▶ **EXERCISE AIM**:
Look below for the line containing "郑州亮洁洗涤有限责任公司", then write out that line and every line after it to the end, exactly, minus the pictures.

▶ **DATA SECTION**:

■ ■ ■ ■

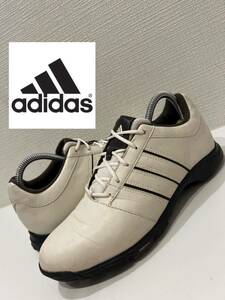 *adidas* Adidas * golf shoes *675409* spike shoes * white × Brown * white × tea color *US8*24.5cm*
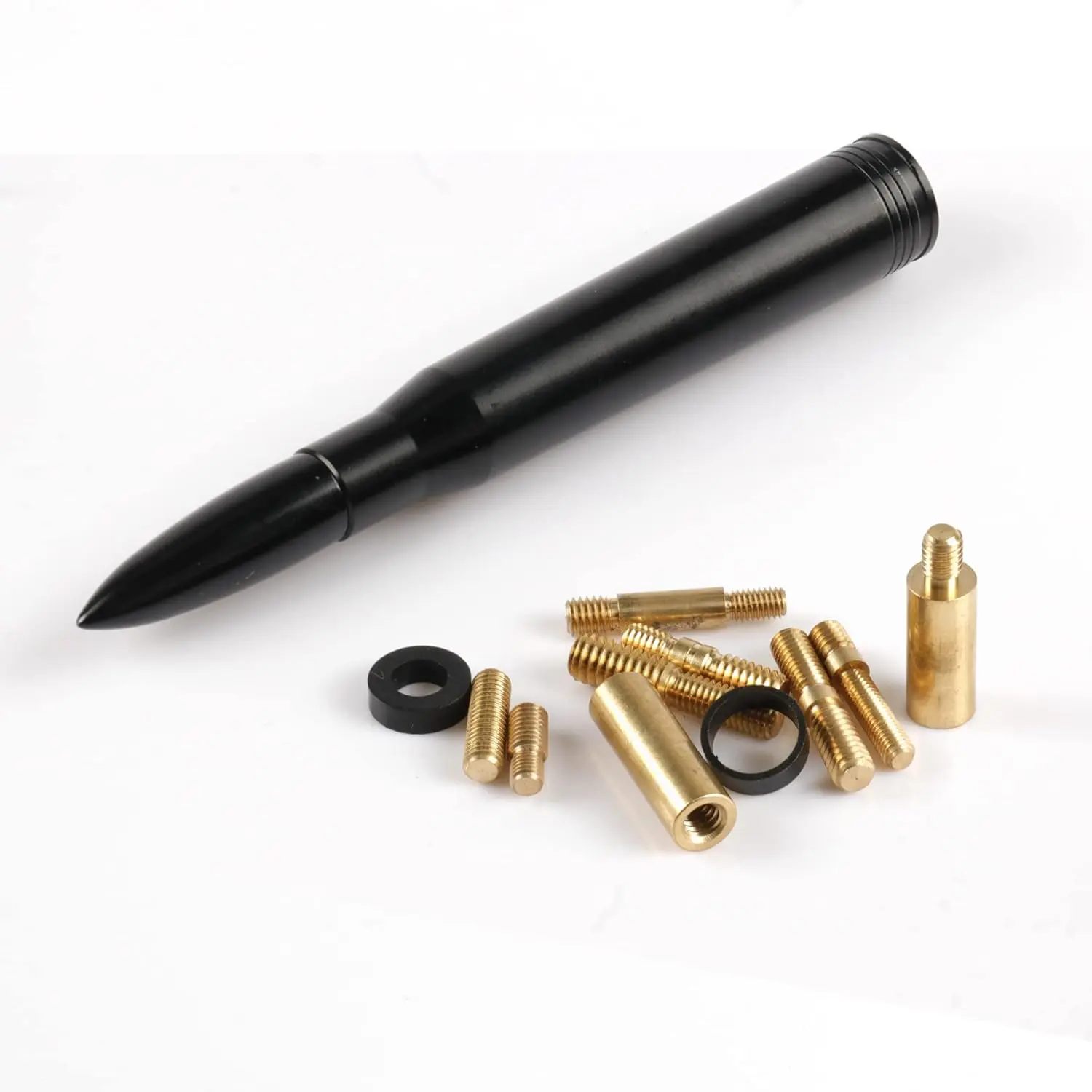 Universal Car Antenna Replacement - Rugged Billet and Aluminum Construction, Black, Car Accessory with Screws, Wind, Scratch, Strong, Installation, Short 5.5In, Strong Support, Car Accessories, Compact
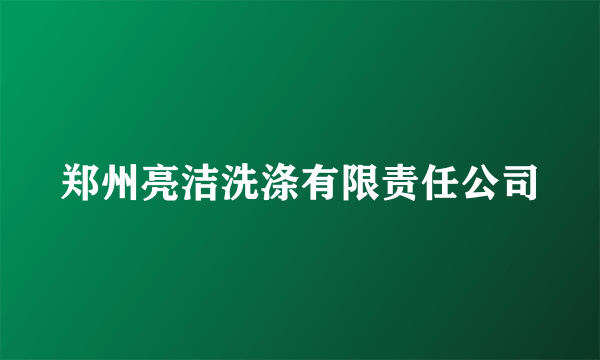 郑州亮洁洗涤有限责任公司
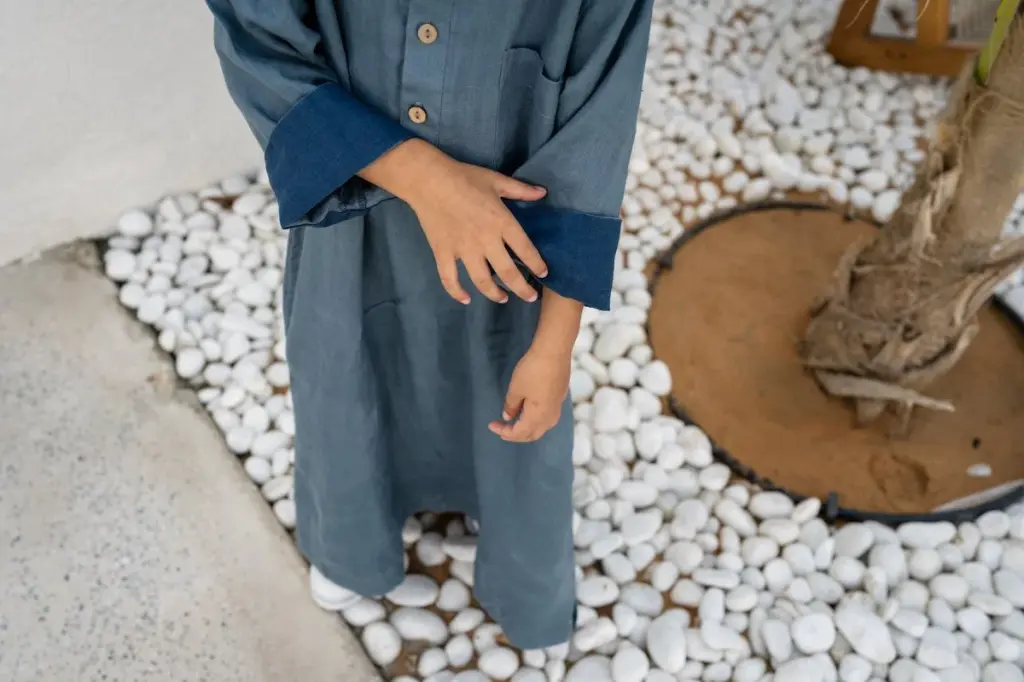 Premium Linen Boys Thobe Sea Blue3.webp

■ ■ ■ ■

▶ **TASK ANSWER**:
 郑州亮洁洗涤有限责任公司
 Premium Linen Boys Thobe Sea Blue3.webp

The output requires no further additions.